3. And yet as terrible as it was, I do not believe that was the cup Jesus feared. Jesus physical and moral courage throughout his public ministry had been indomitable. To think that it failed him now is ludicrous! Besides that, it’s ridiculous to think that Christ failed where his followers would later succeed.
4. Illus. of Ignatius
• Bishop of Syrian Antioch at beginning of second century.
• On his way to Rome to be martyred, he begged the church at Rome not to plead for his release!
• “Let the fire and the cross, let the companies of wild beasts, let the breaking of bones and the tearing of limbs come, if only I may gain Jesus Christ!”
5. Illus. of Polycarp
• A few years after Ignatius. Was the 86 year old bishop of Smyrna.
• When told to deny Christ or burn at the stake, he refused to deny Jesus.
• Just before the fire was lit, he prayed, “Father, I bless Thee that you have counted me worthy to be one of your martyrs!”
6. Go back with me to that lonely figure in Gethsemane, prostrate, sweating, overwhelmed with grief and dread. Are we to suppose that while the martyrs rejoiced at the thought of suffering and death that somehow the son of God could not do so? Were they braver than Jesus?
7. No. We must look for another answer. It was not physical suffering that caused Jesus such dread.
Possibility #2: it was the cup of emotional distress.
1. There was suffering and distress at the cross that was not physical. There was emotional anguish, too.
• Some of His beloved disciples were there. We know John, the disciple who Jesus loved, was there. Can you imagine the heartbreak in John’s eyes? Can you imagine how he must have begged Jesus? “Jesus, come down. I saw you heal the sick, raise the dead, cast out demons. I know you are God’s Son. Come down!
• Mary, His mother was there. Can you imagine how she must have wept and begged? “Son, come down.

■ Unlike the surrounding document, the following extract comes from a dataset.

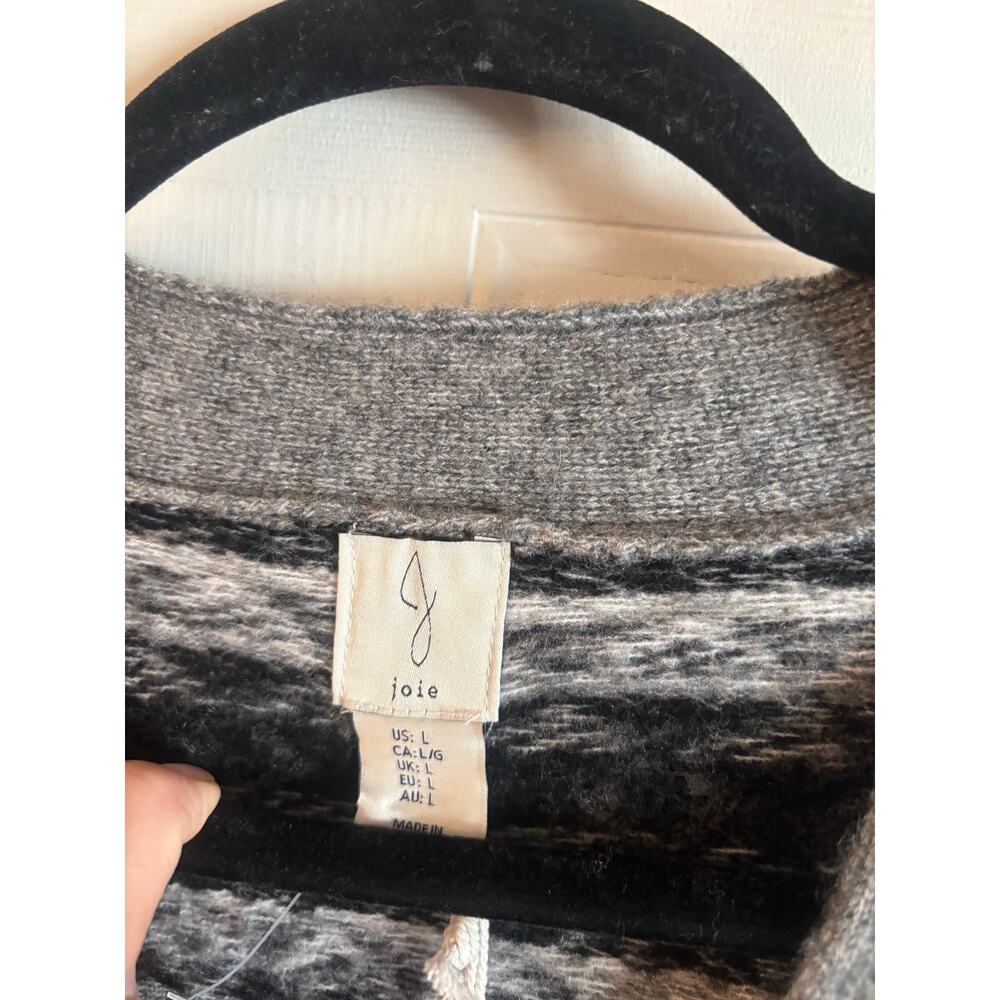 Joie Women’s Fair Isle Cardigan Sweater Button Up Gray Large NWT Wool Blend - Picture 5 of 6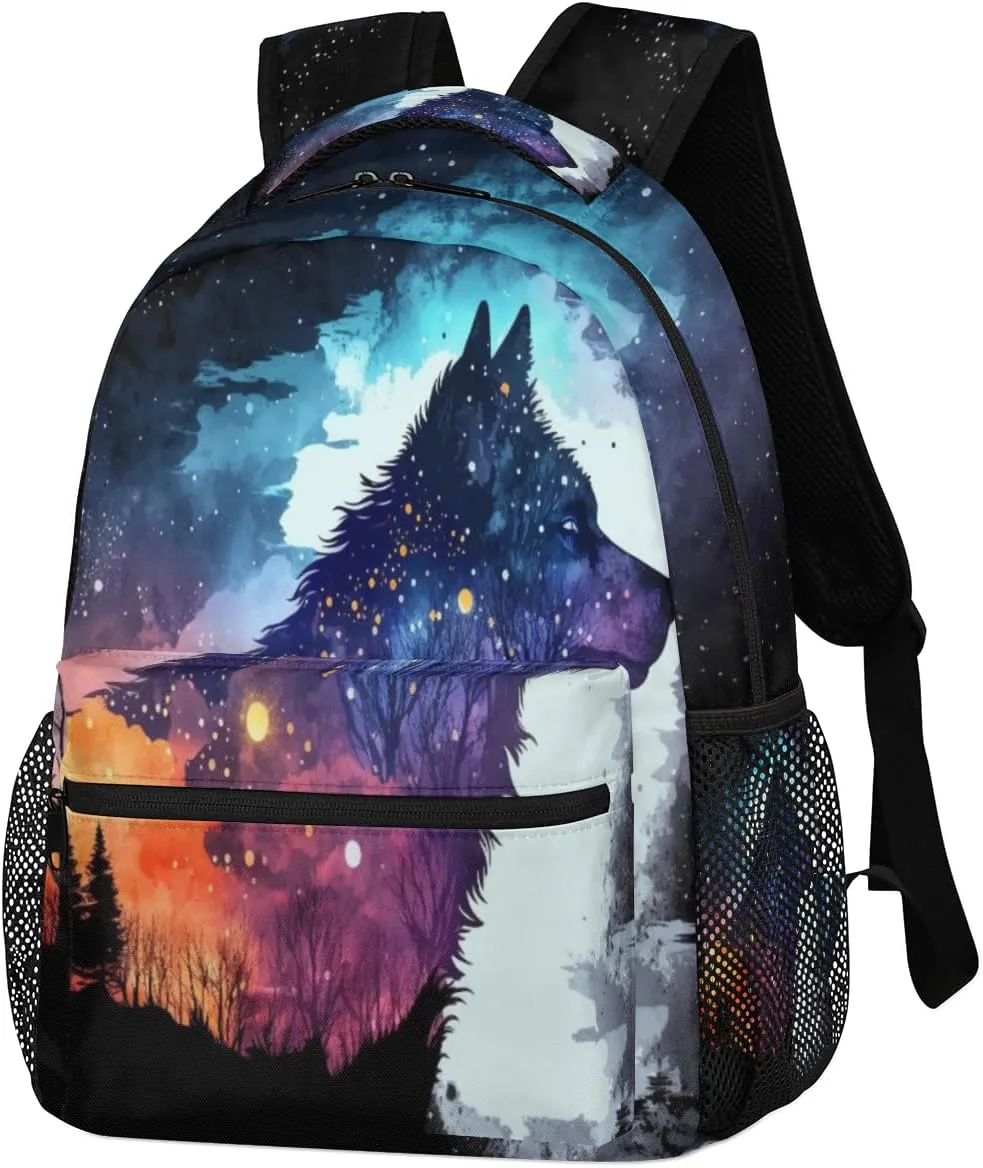 Galaxy Wolf Backpack for Girls Boys Kids Forest Wolf 16inch Laptop Backpacks Lightweight Waterproof School Bookbag Travel Daypack Computer College Bag Gym Rucksack for Work School Women Men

I know you could if you wanted to. Come down! You are all I have left! Come down!”
• According to the gospels there was a group of women who had followed Jesus. Can’t you see the emotion in eyes, and hear it in their voices? Weeping, they said, “Come down Jesus! We have trusted you.. believed in you.. supported you. Come down!” Can you see them as they leave the cross, their hopes dashed into a million pieces?

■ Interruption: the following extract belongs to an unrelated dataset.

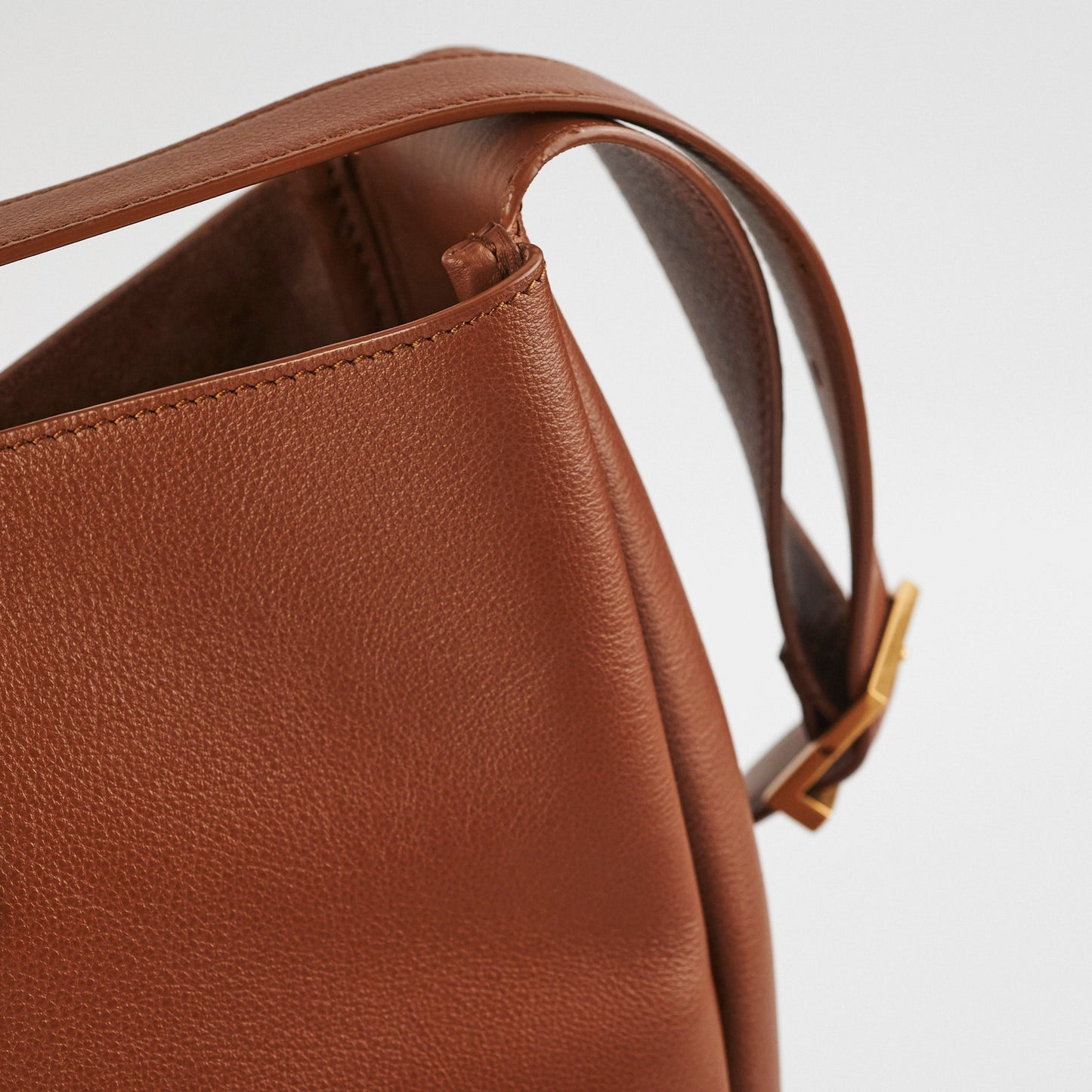Saint Laurent Le 5 A 7 Brown Leather Tote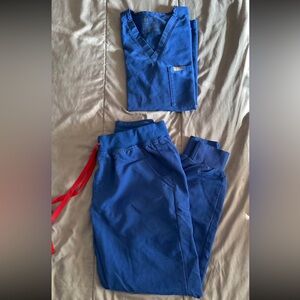 Figs Scrubs Set Winning Blue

2. There was enormous emotional suffering at the cross. It was a place of anger, anguish, and tears!
3. Illus. of Katrina
• Woman caught in her home. Talked to her husband on cell phone as waters rose higher and higher.
• Just a few minutes before the water took her life, she told him goodbye and turned off her phone. She couldn’t bear to put him through listening to her final moments.

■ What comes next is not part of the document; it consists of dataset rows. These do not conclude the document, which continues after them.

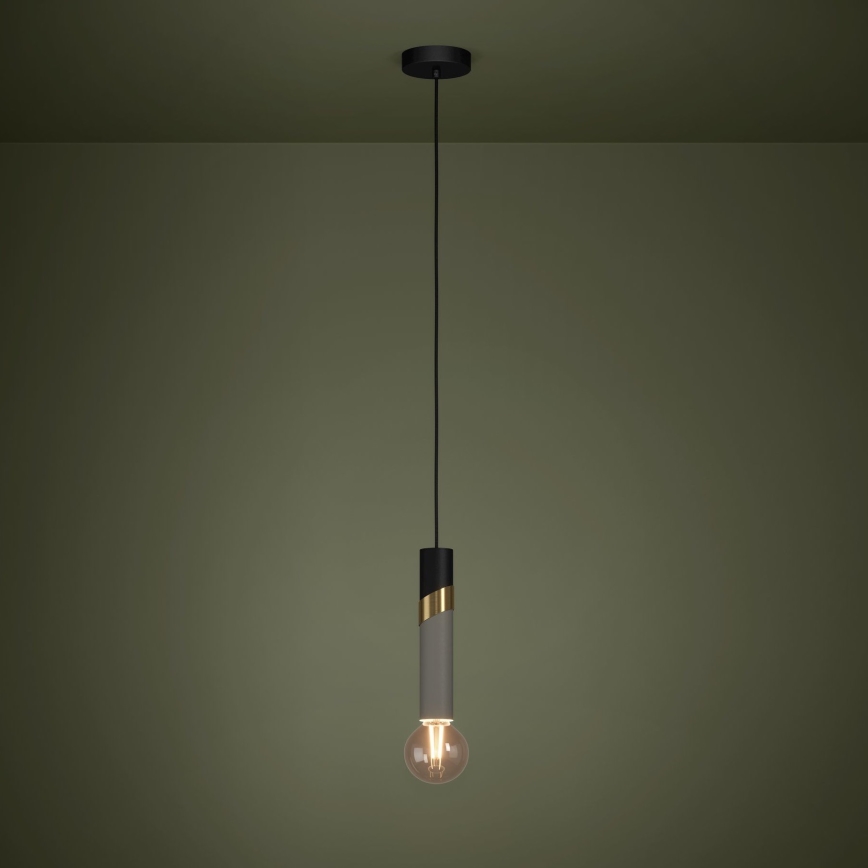 Eglo - Candeeiro suspenso 1xE27/40W/230V preto/dourado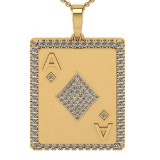 2.81 Ctw VS/SI1 Diamond 14K Yellow Gold Poker theme Pendant Necklace ALL DIAMOND ARE LAB GROWN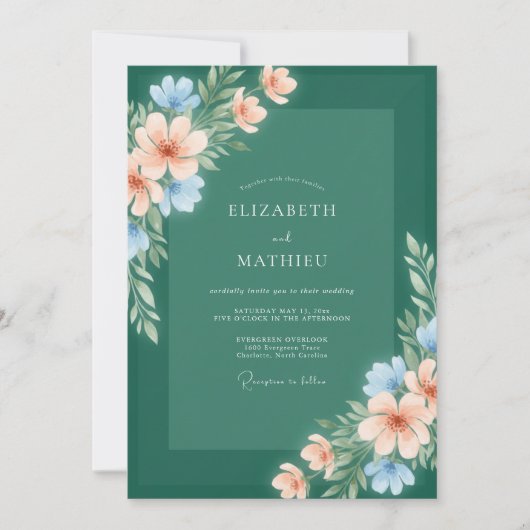 Boho Spar Blauwgroene Bloesem Bruiloft Kaart (Voorkant)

• Perhaps that is what Jesus dreaded! Perhaps He dreaded those He loved watching and agonizing over His death!
4. And yet... Jesus knew that in 3 days He would be returning. He knew that in 3 days their sorrow would be turned to joy. He knew that once they realized what had happened, they would understand His plan was ever so much better than what they had desired!
5. Whatever it was that He dreaded so much, it couldn’t have been merely the tears and scorn of the cross.
Possibility #3: it was the cup of spiritual identification
1. If it wasn’t the physical pain of flogging and crucifixion that He dreaded, nor the emotional suffering of seeing those He loved devastated and having His own people reject Him… what was it? The Bible indicates it was dread of bearing the sins of the world, and of having God’s full judgment poured upon Him for those sins.
2. It was not by accident that Jesus referred to the cross as His cup. In the OT a “cup” was regularly used as a symbol of God’s wrath:
• In Job 21:20 a wicked person is said to, “drink of the wrath of the Almighty.”
• In Ezekiel 23:32, God warns Jerusalem that she will shortly be destroyed just like Samaria had been by saying, “you will drink your sister’s cup, a cup large and deep…”
• Isaiah 51:22 says, “I have taken out of your hand the cup of trembling, the dregs of the cup of My fury, and you shall no longer drink it.”
3. What Jesus dreaded was becoming totally identified with our sin, and then having God pour out upon Him the judgment for those sins.
4. Illus. of “African Queen
• Show pictures here.
• First Bogey in water pulling… then when I start telling about leeches flash to second picture of Hepburn pulling leeches off of Bogart.
5. But did you notice in our text what Jesus prayed? “If it be possible… not My will but Yours be done.. There was no other way for a just God to forgive us. The debt had to be paid.